Builders often have good intentions in engaging in ongoing discussions regarding the resolution of a claim.  However, once they inform their insurers of the claim. The focus is often shifted to creating a statute of limitations defense.  These insurers will often seek out the homeowners and interview them, focusing the questioning on the subject of “date of discovery” (the date the statute of limitations clock began to run), and have little interest in any substance regarding the scope of the defect or how the water infiltration has affected the homeowners’ lives.  Homeowners should be aware that after discovery of the problem, the two-year clock for non-warranty claims is running pursuant to Minn. Stat. § 541.051.  Extreme caution should be exercised when responding to questions from builders or their insurers which begin “[W]hen did you first notice ....”  Except in the rare circumstances described below, the only way to stop the statute of limitations clock is to commence a lawsuit.

The statute of limitations for home defect cases (Minnesota Statutes § 541.051) states (in relevant part) the following:

  • 541.051.  Limitation of action for damages based on services or construction to improve real property. 

  • 1.(a)    Except where fraud is involved, no action by any person in contract, tort, or otherwise, to recover damages for any injury to property, real or personal, or for bodily injury or wrongful death, arising out of the defective and unsafe condition of any improvement to real property, nor any action for contribution or indemnity for damages sustained on account of an injury, shall be brought against any person performing or furnishing the design, planning, supervision, materials or observation of construction or construction of the improvement to the real property or against the owner of the real property more than two years after the discovery of the injury [emphasis added] or, in the case of an action for contribution or indemnity, accrual of the cause of action, nor, in any event shall such a cause of action accrue more than ten years after substantial completion of the construction.  Date of substantial completion shall be determined by the date when the construction is sufficiently completed so that the owner or the owner’s representative can occupy or use the improvement for the intended purpose. 

Courts have generally interpreted this paragraph to mean that a homeowner must bring a lawsuit for defective construction within two years after the date of the discovery of the defect in construction, and no more than 10 years after the completion of the construction itself.

As of August 1, 2004, subdivision 4 of this statute (Minn.
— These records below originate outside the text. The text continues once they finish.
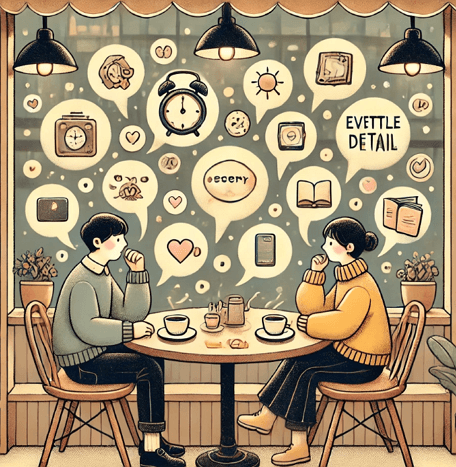 당신이 몰랐던 미주알 고주알 어원의 충격적인 비밀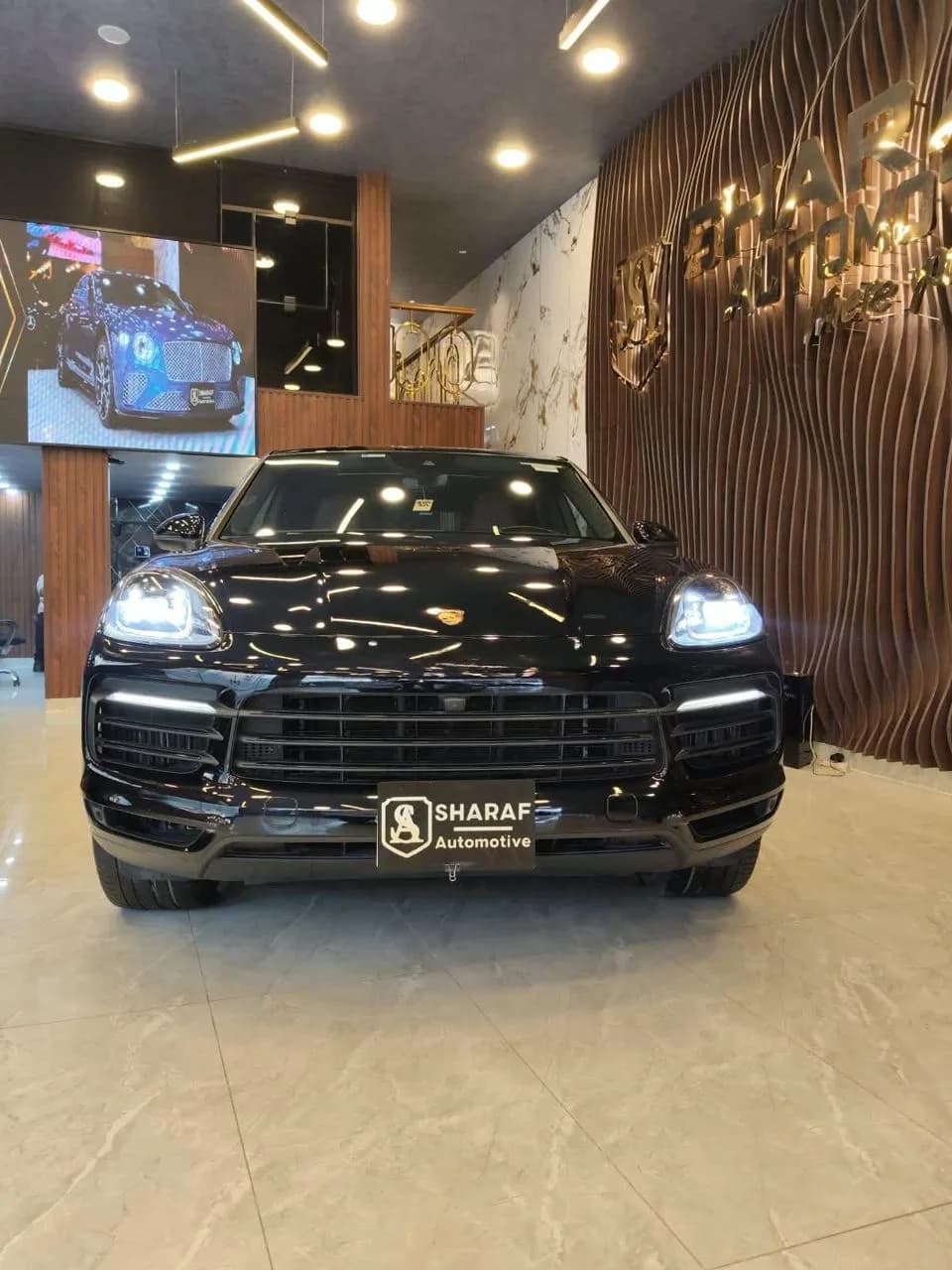 Porsche Cayenne 2022 (0)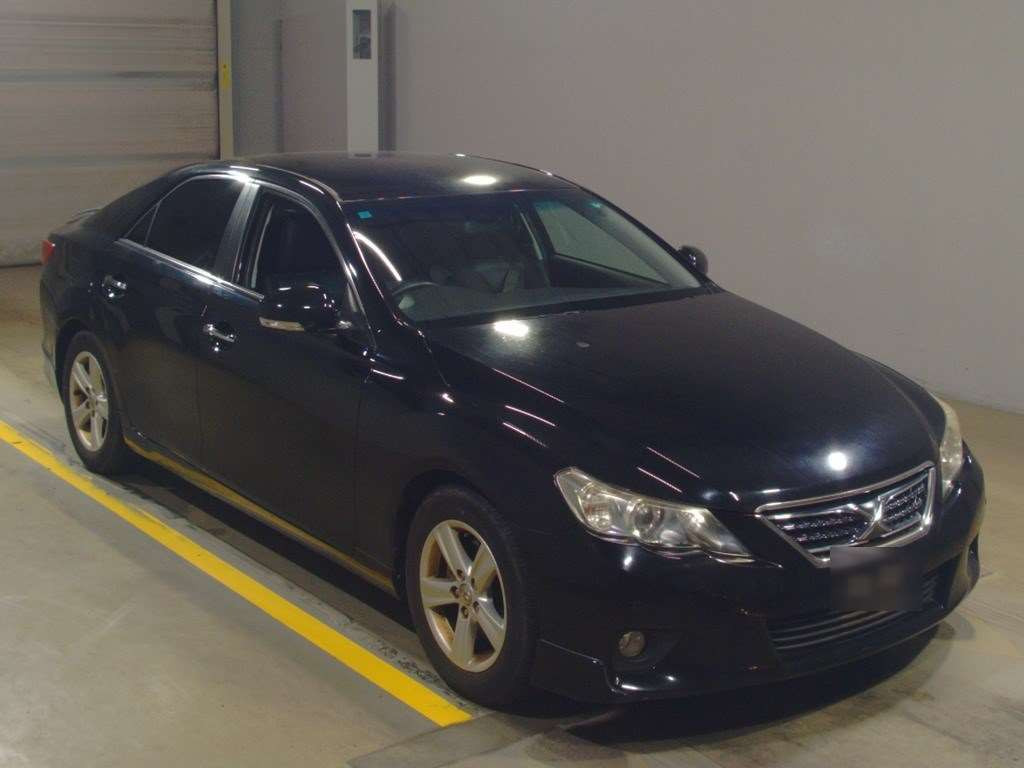 2011 Toyota Mark X GRX130[2]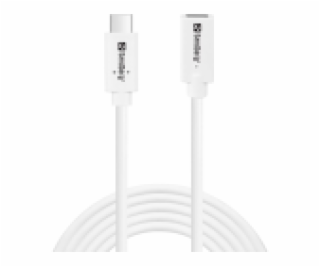 Sandberg nabíjecí kabel  USB-C na C M-F USB 3.1 100W 2m, ...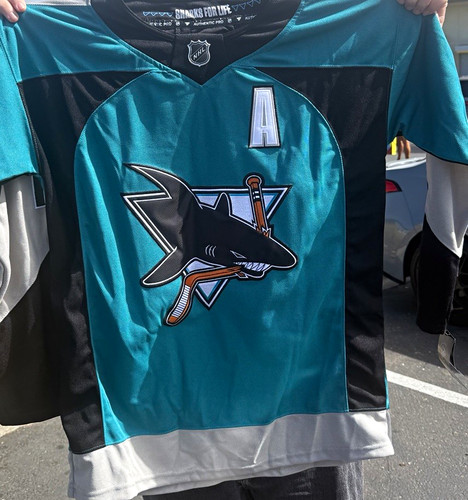 San jose sharks hockey jersey - ,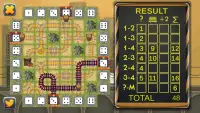 30 rails - board game Screen Shot 1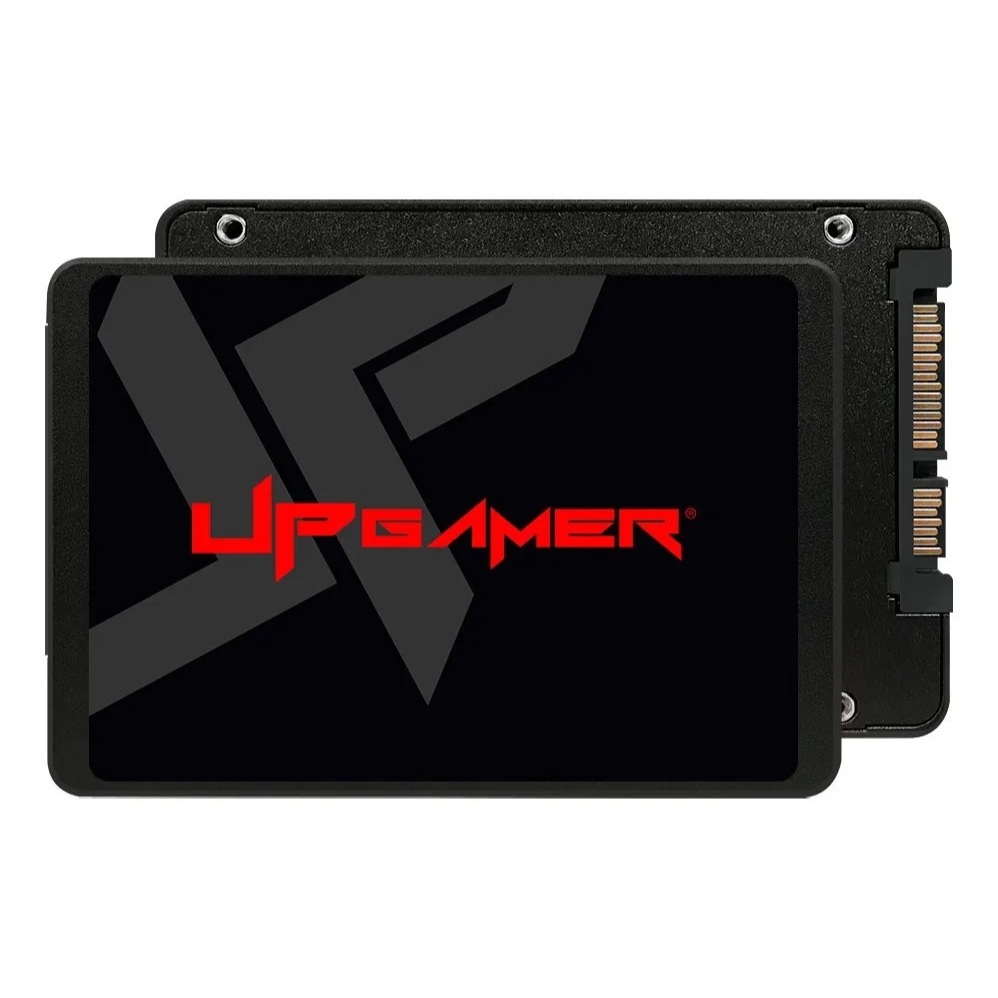 Hd Ssd 120gb Up Gamer Up500 Garantia 2 Anos Box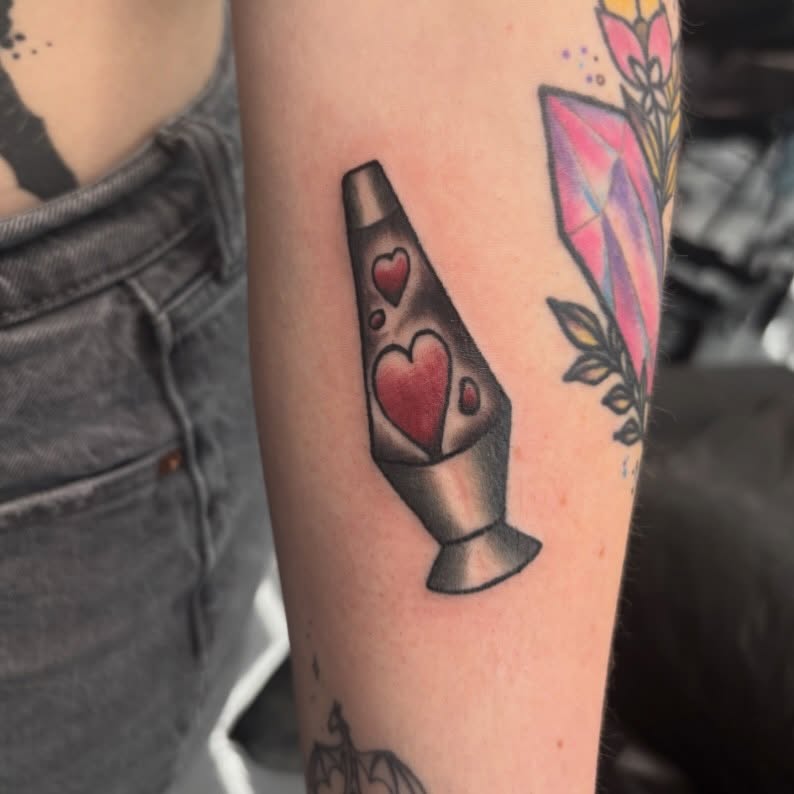 Tattoo by @trawlinson_tattoos — american_traditional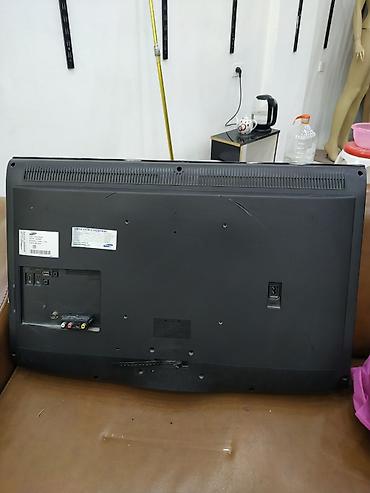 TV və video: Samsung LED TV – Model: LE32D403E2W - Ekran ölçüsü: 32 düym - Güc — 2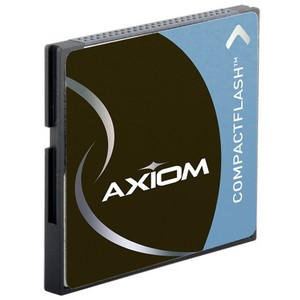 AXCS-1800-64CF Axiom 64MB CompactFlash (CF) Memory Card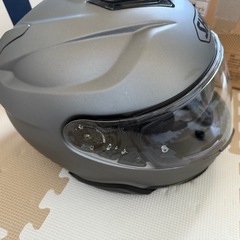 Shoei gt air 2 Lサイズ　ヘルメットの画像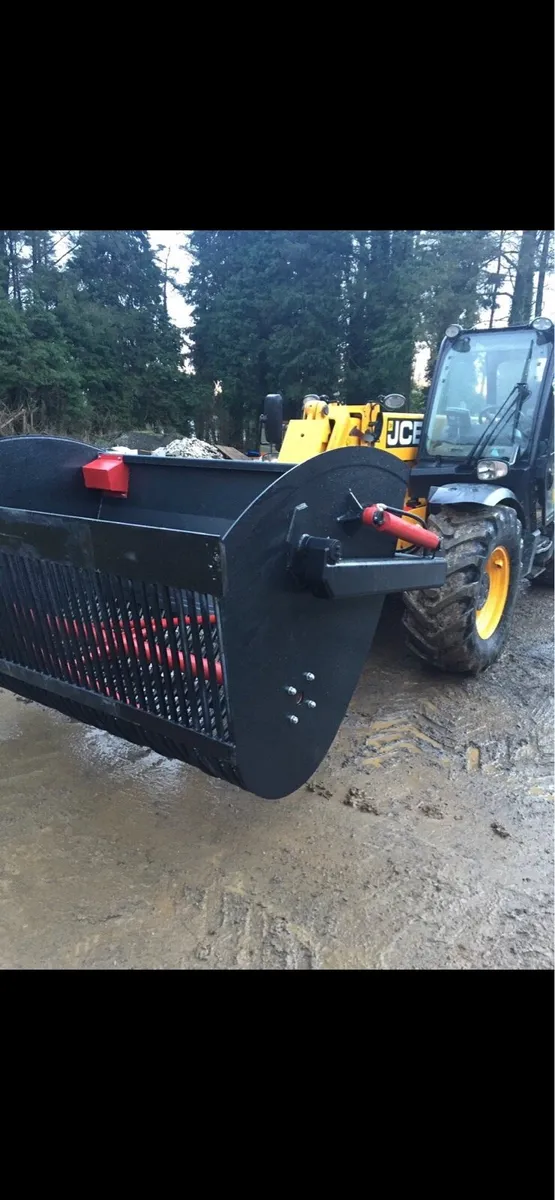 Beet washer bucket - Image 2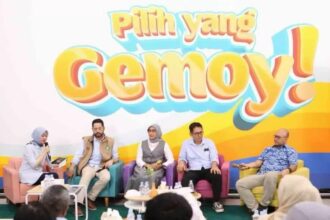 Acara Talk Show Road to Super Mentor di Menteng Jakpus yang bertujuan untuk menjalankan program untuk menciptakan pengusaha-pengusaha muda sukses di tanah air. Foto: Istimewa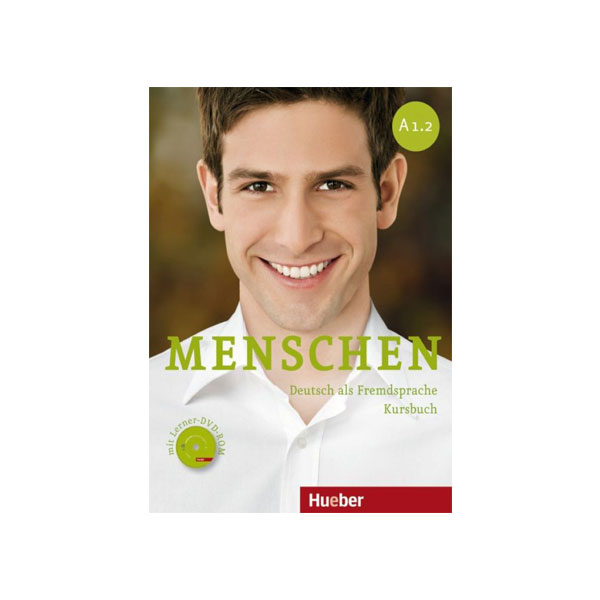 کتاب Menschen A12 اثر جمعی از نویسندگان انتشارات Hueber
Stat. 541.051) states:

  • Subd. 4.  Applicability.  For the purposes of actions based on breach of the statutory warranties set forth in section 327A.02, or to actions based on breach of an express written warranty, such actions shall be brought within two years of the discovery of the breach.  In the case of an action under section 327A.05, which accrues during the ninth or tenth year after the warranty date, as defined in section 327A.01, subdivision 8, an action may be brought within two years of the discovery of the breach, but in no event may an action under Section 327A.05 be brought more than 12 years after the effective warranty date. 

Under this section the clock for warranty claims begins to run upon discovery of the breach of warranty and not upon discovery of the injury.